◆ **DATASET ENTRIES**:
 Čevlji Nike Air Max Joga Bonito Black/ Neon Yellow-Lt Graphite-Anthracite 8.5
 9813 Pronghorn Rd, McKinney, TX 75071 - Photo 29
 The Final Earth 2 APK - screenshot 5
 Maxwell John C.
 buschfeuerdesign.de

---

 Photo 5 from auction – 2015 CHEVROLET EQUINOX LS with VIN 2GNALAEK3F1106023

* * *

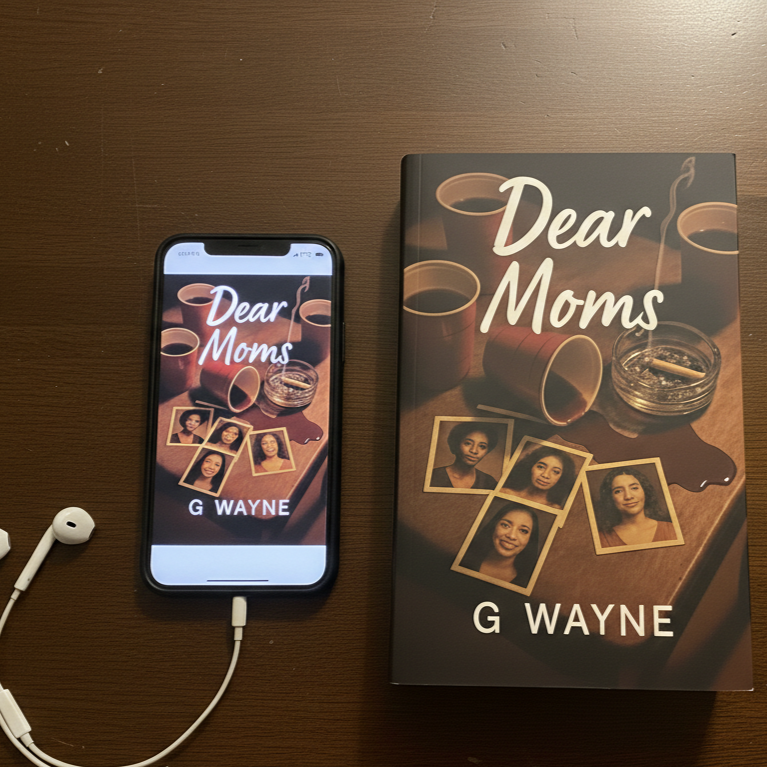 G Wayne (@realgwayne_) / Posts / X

◆ **WHAT TO DO**: When a line in the data contains "Photo", return it as written.

◆ **WRITTEN REPLY**:
 9813 Pronghorn Rd, McKinney, TX 75071 - Photo 29
 Photo 5 from auction – 2015 CHEVROLET EQUINOX LS with VIN 2GNALAEK3F1106023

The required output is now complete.